-------- Provided records --------
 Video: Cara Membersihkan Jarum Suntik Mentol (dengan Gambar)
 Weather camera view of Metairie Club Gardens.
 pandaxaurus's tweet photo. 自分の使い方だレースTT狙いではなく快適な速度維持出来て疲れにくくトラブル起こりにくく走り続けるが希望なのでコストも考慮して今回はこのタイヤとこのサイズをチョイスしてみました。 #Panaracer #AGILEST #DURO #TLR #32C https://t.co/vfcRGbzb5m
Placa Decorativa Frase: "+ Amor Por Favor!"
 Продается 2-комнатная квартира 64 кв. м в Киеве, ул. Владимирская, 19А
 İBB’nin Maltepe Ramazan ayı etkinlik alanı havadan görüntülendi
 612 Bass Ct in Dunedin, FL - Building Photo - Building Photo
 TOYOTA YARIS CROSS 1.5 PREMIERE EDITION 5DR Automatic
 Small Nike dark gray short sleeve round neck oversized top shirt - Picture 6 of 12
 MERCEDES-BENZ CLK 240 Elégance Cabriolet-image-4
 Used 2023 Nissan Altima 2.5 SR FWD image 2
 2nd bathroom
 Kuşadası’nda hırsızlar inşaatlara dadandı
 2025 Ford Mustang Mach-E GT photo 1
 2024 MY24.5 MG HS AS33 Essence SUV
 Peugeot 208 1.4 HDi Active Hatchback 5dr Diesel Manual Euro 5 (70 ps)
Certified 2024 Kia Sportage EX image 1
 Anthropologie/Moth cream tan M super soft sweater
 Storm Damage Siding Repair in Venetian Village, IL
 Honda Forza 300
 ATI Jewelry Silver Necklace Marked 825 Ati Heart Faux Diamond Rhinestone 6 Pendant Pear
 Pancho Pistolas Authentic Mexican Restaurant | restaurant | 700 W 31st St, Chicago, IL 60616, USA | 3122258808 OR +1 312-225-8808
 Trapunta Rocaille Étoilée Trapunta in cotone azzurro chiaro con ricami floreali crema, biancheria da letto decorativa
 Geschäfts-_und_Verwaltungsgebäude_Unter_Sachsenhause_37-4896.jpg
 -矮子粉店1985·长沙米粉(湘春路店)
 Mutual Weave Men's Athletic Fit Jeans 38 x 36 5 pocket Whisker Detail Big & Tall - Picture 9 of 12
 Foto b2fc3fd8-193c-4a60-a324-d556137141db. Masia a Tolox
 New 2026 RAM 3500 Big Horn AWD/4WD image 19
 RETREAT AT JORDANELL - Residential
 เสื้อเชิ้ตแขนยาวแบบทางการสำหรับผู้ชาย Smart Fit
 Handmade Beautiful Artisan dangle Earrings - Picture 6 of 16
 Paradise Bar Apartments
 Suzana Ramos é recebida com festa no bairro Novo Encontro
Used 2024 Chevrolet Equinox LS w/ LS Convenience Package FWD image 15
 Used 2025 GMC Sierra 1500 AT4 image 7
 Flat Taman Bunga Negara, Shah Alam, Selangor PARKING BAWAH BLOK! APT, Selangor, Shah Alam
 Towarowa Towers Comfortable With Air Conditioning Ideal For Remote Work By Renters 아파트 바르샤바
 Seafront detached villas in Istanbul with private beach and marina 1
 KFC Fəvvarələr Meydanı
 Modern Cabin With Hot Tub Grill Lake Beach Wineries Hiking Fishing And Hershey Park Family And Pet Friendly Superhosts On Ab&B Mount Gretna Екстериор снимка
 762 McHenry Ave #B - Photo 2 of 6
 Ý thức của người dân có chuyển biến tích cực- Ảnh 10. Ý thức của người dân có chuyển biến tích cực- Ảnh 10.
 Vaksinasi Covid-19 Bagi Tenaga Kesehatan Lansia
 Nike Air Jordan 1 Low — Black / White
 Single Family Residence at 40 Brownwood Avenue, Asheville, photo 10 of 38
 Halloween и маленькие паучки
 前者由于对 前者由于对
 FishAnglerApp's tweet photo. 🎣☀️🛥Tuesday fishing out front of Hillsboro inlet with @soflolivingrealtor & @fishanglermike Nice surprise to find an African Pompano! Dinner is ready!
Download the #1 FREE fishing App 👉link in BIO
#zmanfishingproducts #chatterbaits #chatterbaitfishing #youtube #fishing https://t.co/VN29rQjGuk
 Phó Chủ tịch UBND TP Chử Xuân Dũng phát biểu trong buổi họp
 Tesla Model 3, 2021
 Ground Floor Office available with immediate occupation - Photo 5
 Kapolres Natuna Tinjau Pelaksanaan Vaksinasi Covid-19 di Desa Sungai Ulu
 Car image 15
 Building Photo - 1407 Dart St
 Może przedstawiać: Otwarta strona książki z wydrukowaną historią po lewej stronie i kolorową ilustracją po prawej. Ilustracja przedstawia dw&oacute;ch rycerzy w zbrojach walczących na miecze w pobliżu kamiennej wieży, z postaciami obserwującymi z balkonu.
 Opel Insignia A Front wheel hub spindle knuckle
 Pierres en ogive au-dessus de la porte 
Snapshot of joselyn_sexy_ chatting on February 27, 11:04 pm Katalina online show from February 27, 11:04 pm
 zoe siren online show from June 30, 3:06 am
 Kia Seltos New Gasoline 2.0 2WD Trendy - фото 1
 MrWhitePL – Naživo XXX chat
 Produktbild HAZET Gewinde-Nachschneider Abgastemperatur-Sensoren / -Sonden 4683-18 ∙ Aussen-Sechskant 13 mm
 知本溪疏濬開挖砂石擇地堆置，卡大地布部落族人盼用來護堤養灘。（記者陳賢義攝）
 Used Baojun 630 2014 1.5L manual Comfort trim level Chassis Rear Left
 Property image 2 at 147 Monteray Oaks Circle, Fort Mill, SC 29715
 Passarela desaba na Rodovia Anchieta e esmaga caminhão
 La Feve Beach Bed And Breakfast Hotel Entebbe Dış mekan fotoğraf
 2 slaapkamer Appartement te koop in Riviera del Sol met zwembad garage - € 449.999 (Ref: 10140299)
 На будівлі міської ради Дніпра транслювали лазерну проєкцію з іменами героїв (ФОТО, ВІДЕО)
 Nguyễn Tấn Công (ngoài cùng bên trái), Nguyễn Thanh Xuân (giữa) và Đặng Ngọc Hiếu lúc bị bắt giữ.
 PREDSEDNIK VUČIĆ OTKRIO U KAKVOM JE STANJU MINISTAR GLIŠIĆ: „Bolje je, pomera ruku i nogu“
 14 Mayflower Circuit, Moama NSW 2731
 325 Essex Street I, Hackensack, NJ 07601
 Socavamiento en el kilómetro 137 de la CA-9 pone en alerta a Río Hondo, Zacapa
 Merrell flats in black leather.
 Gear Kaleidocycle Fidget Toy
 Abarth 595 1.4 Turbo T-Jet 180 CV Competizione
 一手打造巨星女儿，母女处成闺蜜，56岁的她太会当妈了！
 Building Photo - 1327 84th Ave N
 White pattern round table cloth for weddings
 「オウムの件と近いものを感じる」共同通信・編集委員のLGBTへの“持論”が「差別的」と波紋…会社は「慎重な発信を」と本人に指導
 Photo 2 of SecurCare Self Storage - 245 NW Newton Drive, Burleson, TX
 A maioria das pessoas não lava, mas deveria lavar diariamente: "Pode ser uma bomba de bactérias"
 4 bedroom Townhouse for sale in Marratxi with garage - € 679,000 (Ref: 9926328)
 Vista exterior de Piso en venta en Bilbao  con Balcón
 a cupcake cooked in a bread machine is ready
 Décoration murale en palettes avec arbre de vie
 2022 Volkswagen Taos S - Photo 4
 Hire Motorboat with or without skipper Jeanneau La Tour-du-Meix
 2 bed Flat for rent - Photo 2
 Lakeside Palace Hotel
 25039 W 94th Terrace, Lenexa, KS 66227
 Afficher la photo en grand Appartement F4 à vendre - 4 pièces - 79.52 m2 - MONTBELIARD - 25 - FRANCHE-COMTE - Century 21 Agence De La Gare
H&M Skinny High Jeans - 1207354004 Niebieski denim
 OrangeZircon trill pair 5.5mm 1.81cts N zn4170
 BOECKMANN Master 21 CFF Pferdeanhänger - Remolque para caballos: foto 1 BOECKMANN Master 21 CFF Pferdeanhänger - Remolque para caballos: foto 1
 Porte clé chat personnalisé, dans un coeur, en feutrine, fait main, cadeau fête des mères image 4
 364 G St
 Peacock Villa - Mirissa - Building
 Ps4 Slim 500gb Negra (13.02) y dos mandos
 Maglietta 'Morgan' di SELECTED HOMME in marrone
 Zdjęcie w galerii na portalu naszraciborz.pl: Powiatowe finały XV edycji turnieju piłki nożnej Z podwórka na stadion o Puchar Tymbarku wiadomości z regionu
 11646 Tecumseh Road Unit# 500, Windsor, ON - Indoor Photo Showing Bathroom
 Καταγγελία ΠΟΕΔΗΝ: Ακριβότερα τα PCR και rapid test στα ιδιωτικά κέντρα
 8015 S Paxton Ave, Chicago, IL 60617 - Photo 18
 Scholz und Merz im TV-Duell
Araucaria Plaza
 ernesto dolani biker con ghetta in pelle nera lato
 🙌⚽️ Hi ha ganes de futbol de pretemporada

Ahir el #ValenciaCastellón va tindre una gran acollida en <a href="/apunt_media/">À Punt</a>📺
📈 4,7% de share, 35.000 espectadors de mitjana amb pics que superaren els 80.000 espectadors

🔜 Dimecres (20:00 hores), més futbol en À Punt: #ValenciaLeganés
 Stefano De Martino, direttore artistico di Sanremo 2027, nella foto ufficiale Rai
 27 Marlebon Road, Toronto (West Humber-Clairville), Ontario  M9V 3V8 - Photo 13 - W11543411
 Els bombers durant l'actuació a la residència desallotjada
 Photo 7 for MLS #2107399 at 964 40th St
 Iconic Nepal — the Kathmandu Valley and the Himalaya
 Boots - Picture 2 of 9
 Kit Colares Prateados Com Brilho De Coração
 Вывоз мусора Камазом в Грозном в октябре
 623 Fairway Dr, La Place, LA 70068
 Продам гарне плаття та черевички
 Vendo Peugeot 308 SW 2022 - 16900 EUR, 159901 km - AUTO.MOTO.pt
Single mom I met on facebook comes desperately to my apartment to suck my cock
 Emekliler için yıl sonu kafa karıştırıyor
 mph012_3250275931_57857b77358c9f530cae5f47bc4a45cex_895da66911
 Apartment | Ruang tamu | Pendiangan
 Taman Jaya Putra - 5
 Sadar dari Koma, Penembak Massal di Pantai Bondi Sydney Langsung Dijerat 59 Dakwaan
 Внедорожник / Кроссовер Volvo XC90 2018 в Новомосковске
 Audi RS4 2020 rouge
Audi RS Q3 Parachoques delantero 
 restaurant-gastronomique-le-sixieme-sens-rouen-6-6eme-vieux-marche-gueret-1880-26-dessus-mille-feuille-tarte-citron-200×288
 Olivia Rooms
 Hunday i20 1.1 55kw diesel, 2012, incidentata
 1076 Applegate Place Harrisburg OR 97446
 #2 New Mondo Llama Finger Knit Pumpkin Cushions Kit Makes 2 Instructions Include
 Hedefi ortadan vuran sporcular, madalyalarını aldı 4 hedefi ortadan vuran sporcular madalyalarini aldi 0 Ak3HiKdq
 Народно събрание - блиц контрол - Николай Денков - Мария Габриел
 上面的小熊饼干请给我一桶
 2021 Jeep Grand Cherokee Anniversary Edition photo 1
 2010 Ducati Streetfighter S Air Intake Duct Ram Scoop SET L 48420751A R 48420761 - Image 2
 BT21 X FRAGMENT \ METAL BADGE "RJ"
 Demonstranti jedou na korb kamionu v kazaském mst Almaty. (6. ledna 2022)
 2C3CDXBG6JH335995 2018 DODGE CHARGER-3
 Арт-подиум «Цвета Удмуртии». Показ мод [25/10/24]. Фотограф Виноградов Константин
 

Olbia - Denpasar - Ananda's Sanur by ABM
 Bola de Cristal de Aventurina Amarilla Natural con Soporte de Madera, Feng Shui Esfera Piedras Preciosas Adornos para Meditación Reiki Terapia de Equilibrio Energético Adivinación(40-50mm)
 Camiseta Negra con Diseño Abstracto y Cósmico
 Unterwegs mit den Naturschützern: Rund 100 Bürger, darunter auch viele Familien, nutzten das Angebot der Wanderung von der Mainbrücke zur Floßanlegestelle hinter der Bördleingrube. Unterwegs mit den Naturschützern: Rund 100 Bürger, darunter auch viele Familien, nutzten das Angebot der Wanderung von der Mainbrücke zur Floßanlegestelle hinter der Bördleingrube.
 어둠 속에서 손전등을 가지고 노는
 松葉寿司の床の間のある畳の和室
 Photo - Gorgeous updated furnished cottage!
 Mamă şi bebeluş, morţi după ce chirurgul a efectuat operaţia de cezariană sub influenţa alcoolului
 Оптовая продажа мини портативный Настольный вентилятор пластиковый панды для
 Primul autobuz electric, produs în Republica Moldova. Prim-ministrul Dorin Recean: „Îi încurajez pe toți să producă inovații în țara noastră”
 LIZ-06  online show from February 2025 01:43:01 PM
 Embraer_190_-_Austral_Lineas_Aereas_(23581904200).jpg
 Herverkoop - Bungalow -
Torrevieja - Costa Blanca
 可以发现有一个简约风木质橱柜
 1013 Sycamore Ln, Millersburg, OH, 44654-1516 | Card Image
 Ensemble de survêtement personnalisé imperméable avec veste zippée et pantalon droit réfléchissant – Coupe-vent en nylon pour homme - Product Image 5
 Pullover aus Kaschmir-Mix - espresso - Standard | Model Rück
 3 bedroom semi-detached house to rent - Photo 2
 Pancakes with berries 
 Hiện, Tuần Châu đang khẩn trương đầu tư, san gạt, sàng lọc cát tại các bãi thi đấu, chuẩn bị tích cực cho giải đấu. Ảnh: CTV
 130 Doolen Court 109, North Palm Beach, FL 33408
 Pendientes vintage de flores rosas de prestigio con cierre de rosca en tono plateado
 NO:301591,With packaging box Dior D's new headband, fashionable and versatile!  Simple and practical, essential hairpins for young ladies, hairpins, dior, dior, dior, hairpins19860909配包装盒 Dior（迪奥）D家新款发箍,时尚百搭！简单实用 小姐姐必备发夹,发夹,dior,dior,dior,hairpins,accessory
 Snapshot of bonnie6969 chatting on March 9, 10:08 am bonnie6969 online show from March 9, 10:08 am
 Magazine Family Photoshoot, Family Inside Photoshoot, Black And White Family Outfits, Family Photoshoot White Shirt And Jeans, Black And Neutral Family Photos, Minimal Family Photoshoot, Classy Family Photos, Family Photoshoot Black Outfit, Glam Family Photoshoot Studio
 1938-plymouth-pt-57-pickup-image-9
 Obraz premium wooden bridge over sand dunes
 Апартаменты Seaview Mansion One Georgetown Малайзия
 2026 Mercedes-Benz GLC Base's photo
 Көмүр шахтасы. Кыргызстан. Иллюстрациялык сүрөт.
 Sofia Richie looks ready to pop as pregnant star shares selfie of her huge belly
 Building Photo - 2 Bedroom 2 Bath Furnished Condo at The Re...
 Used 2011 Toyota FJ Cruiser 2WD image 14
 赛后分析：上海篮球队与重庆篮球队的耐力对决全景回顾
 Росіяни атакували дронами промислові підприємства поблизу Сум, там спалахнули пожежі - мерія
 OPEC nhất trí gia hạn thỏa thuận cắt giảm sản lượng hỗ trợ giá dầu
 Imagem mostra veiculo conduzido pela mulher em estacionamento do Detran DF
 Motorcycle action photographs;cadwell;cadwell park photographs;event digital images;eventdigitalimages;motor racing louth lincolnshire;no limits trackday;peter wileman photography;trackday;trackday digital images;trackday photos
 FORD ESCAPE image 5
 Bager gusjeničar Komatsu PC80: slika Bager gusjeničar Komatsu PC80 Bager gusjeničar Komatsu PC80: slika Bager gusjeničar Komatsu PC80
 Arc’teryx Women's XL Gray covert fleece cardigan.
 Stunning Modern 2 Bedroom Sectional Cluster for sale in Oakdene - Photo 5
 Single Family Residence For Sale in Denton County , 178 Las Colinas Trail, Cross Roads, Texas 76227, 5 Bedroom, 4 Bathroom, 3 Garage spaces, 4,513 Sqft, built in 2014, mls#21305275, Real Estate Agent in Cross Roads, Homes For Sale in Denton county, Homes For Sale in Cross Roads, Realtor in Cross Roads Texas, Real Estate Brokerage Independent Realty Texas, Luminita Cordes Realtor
--------
Try it ::
Repeat, exactly as they stand above, the lines from the line with "Suzana Ramos é" to the line with "前者由于对 前者由于对", both lines included.

Result for this exercise ::
 Suzana Ramos é recebida com festa no bairro Novo Encontro
Used 2024 Chevrolet Equinox LS w/ LS Convenience Package FWD image 15
 Used 2025 GMC Sierra 1500 AT4 image 7
 Flat Taman Bunga Negara, Shah Alam, Selangor PARKING BAWAH BLOK! APT, Selangor, Shah Alam
 Towarowa Towers Comfortable With Air Conditioning Ideal For Remote Work By Renters 아파트 바르샤바
 Seafront detached villas in Istanbul with private beach and marina 1
 KFC Fəvvarələr Meydanı
 Modern Cabin With Hot Tub Grill Lake Beach Wineries Hiking Fishing And Hershey Park Family And Pet Friendly Superhosts On Ab&B Mount Gretna Екстериор снимка
 762 McHenry Ave #B - Photo 2 of 6
 Ý thức của người dân có chuyển biến tích cực- Ảnh 10. Ý thức của người dân có chuyển biến tích cực- Ảnh 10.
 Vaksinasi Covid-19 Bagi Tenaga Kesehatan Lansia
 Nike Air Jordan 1 Low — Black / White
 Single Family Residence at 40 Brownwood Avenue, Asheville, photo 10 of 38
 Halloween и маленькие паучки
 前者由于对 前者由于对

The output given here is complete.